Does our cascading model of website effectiveness seem boring and obvious to you? If so, imagine you have a website with a potential audience of 1,000,000 people. Work through the nine stages, and see how the numbers fall away...
1. Awareness: you can't afford a big advertising campaign, and your ads are not highly distinctive. So only 20% of the target have seen your ads, and only half of them remember them (better than normal, actually). But 10% of a million is still 100,000: that's plenty.
2. Findability: your URL is a fairly long one, and some people can't spell it (or type it). Suppose your company name is "Oranges and Lemons", but your website is orangeslemons.com (missing the "and"). Potential users might try to remember your URL, and get it wrong. A pity you didn't buy several variants of the name, and redirect those inquiries. Most users don't try very hard. After all, there are plenty of other websites they can visit. So at this point you lose half of the potential visitors. Down to 50,000, but that's still plenty.
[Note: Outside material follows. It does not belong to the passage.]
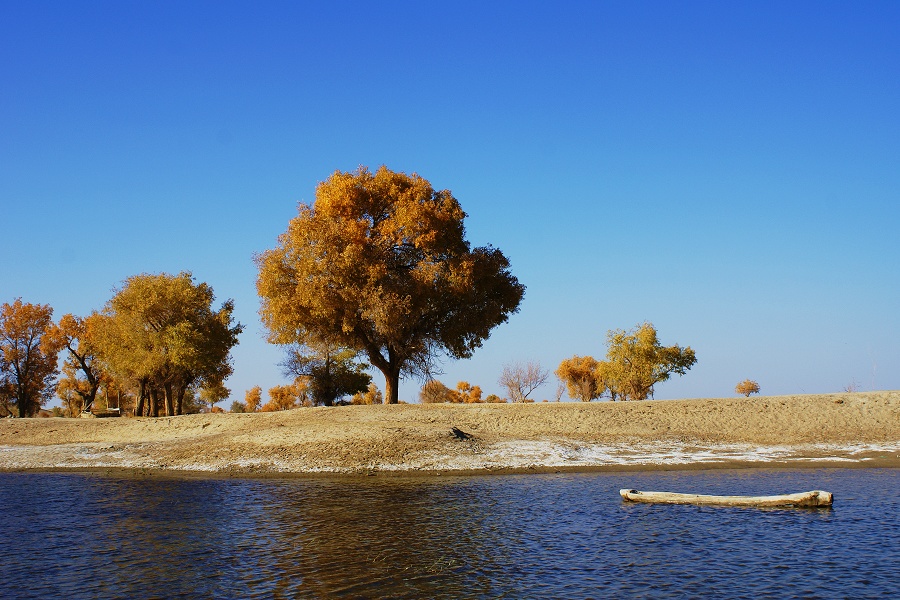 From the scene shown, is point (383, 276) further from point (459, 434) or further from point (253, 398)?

3. Availability: A potential customer visits your site, having overcome the first two hurdles. But this person is using Firefox, and your site only works with Internet Explorer, because of some fancy scripting you've done. And you never got around to using Alt text for your navigation button images. So this visitor comes to your site and sees a mess - not even a page saying "this site works best with Internet Explorer 6". They give up. But no big deal: 90% of your visitors use IE, and 90% browse with images on.
4. Popularity: This is not a filter (like the previous aspects) but just a measure. In this case, you still keep 81% (90% of 90%), and you still have 40,000 potential customers.
5. Accessibility: You lose a few more because they can't read the words on your site. Do your pages have the fashionable mid-grey type on pale grey background, in quite a small size? You might expect users to enlarge the type size in their browser, but a lot of people don't know that's possible. So at this point you lose a few percent with poor eyesight, and/or small computer screens, and/or high-resolution settings.
6. Usability: this point is where users drop out like flies, specially on a big site that uses a content management system. For example, have you visited the new OECD site? Try finding something on it: an exercise in pure frustration. If your site is well designed, you might lose only half the remainder at this point - that's about the average we've found in our research. So in this example, you're down from 40,000 to 20,000.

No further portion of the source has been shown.